■ SUPPLIED INFORMATION ■
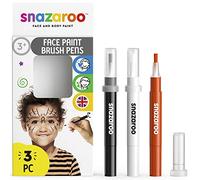 Snazaroo Set de 3 Rotuladores de Maquillaje "Halloween", color negro, blanco, naranja, para niños y adultos, base de agua, maquillaje pintacaras, aguacolor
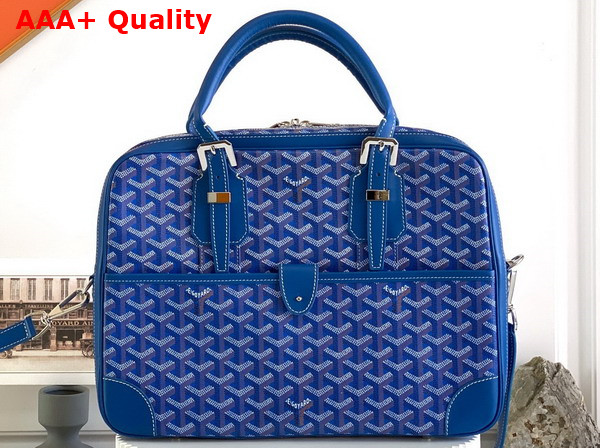 Goyard Ambassade PM Document Case in Blue Goyardine Canvas and Cervon Calfskin Replica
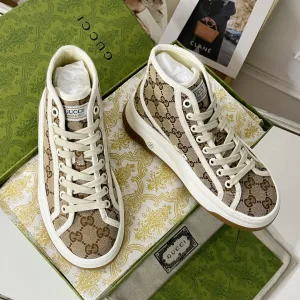 Luxury Gucci Sneakers Red Rubber Jacquard Slender Ankles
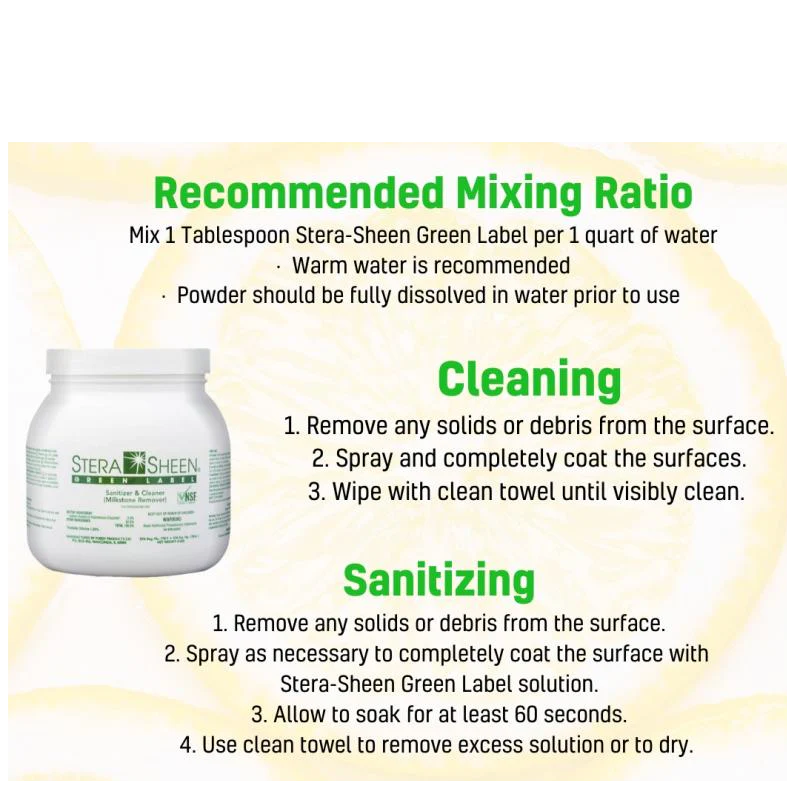 Stera-Sheen Green Label Sanitizer and Cleaner for Ice Cream Machines, Slush Machines And More - 4 lbs Jar,  Case 4 x 4lbs Jars - Canada - Image 8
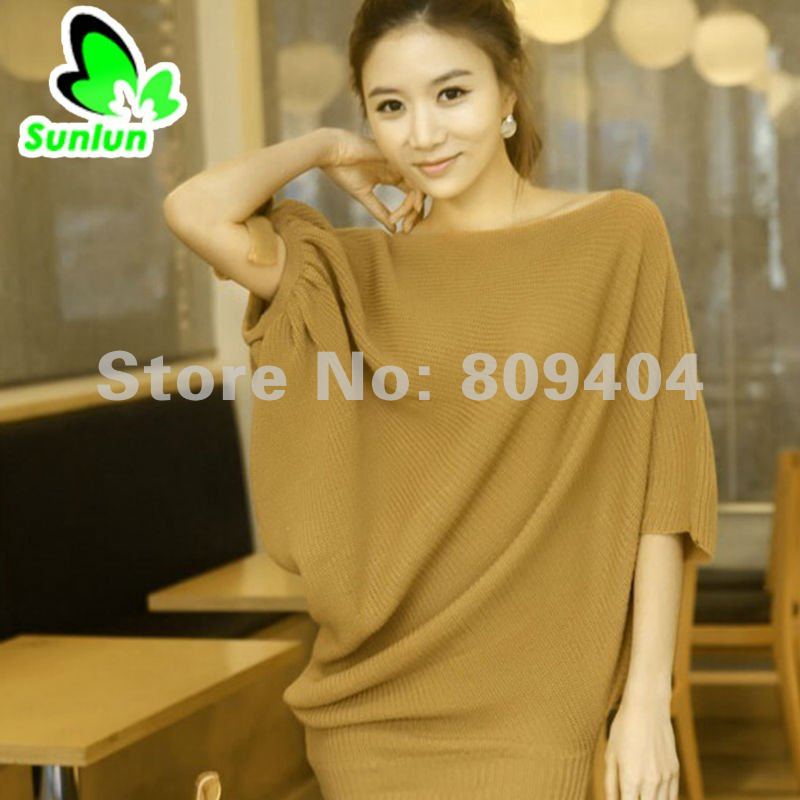 Free Shipping Sunlun Ladies' Collar Irregular Short-sleeved Sweater/Fashion Coat/Bat Sleeve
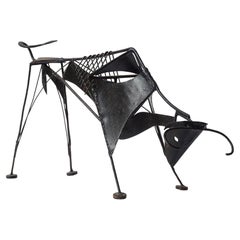 Modernist Italian Black Metal Bull Sculpture, Italy 1950s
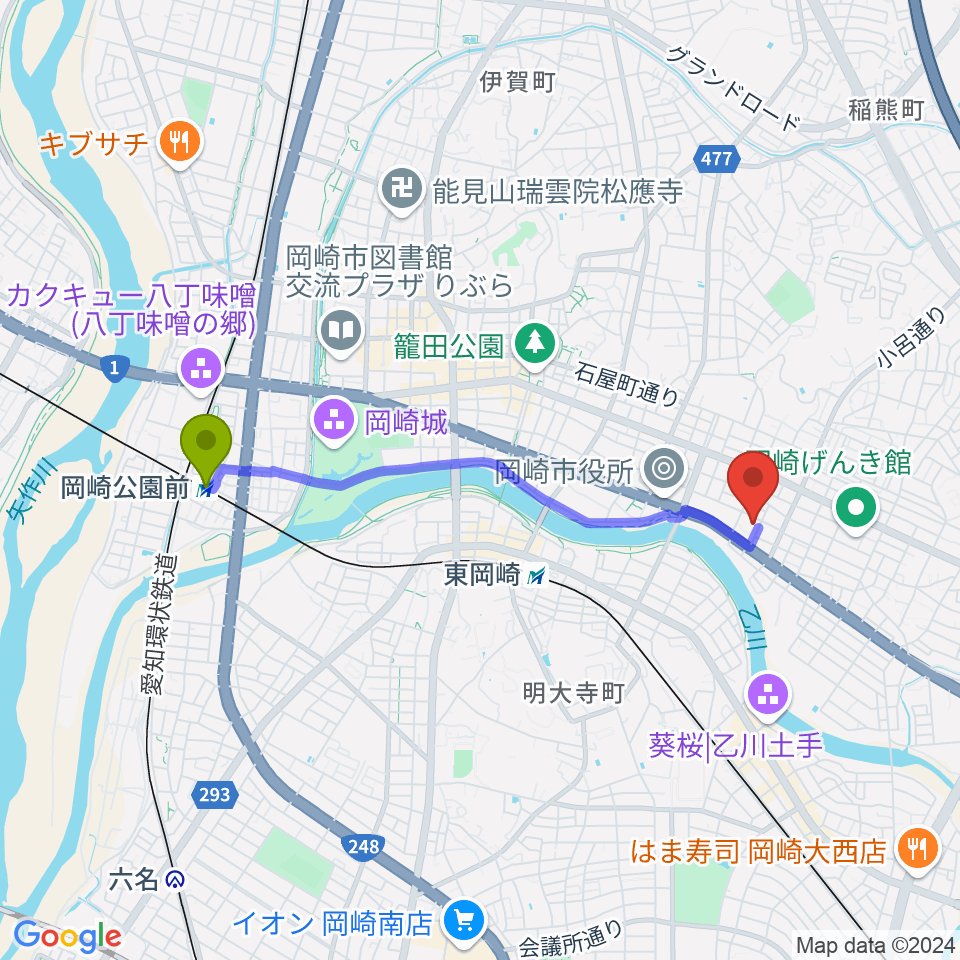 岡崎公園前駅から岡崎市せきれいホールへのルートマップ地図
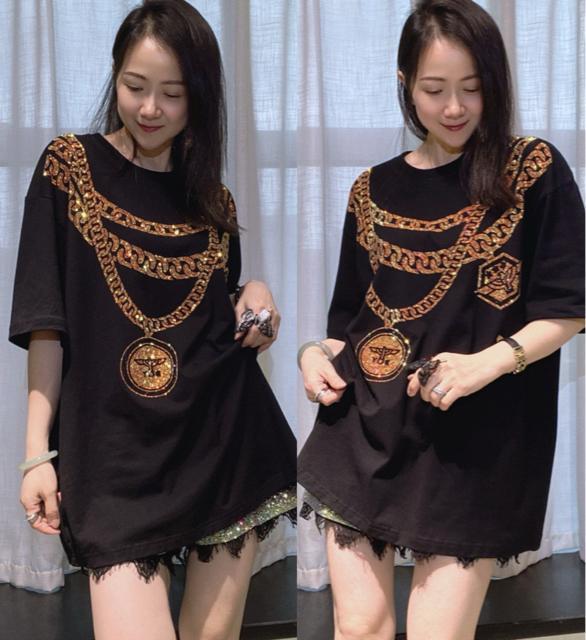 ロングtシャツ キラキララインストーン付き チェーン柄 ブラック 大きいサイズ < 女性ファッション ロングtシャツ キラキララインストーン付き チェーン柄 ブラック 大きいサイズ < 女性ファッションの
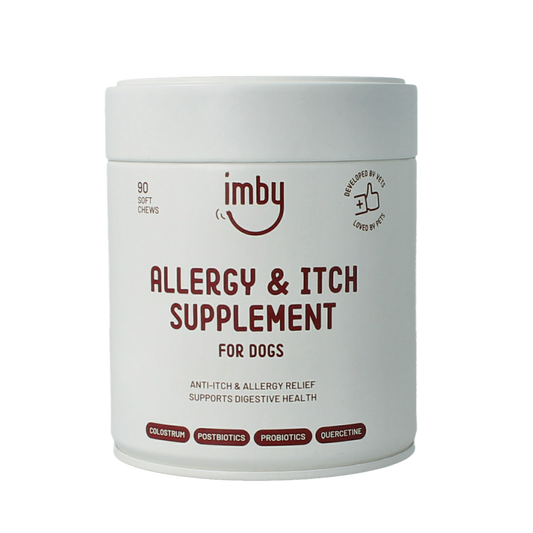 Imby Pet Food anti-allergy and itch relief pet supplement with 90 chewable tablets for dogs and cats.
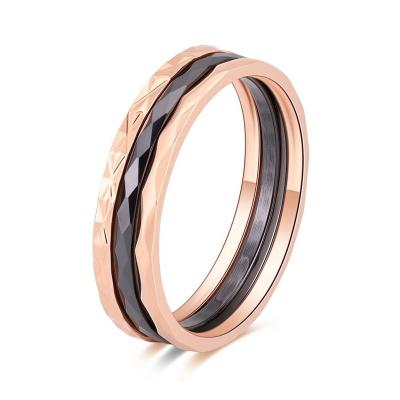 China Modern/Vintage Fashion Trending Fashion Jewelry Ring Black Rose Gold Free DIY Finger Circle Rings Set Three Combination Minimalist Personalized for sale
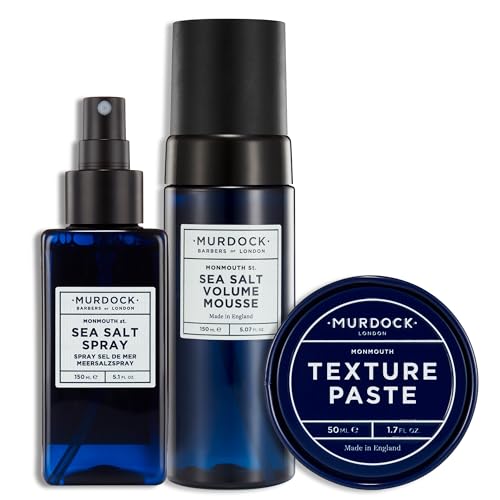 Image of Murdock London Sea Salt Spray 150ml, Volume Mousse 5.07oz, and Texture Paste 1.76oz - Paraben Free, Adds Texture and Volume, Achieve a Low-Sheen Finish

■ EXERCISE GOAL ■
Nothing but the lines from the first line of the data above through the line holding "Luxury Gucci Sneakers" may appear in the response, copied exactly and without pictures.

■ SOLUTION TO THE PROBLEM ■
 Snazaroo Set de 3 Rotuladores de Maquillaje "Halloween", color negro, blanco, naranja, para niños y adultos, base de agua, maquillaje pintacaras, aguacolor
 Goyard Ambassade PM Document Case in Blue Goyardine Canvas and Cervon Calfskin Replica
 Luxury Gucci Sneakers Red Rubber Jacquard Slender Ankles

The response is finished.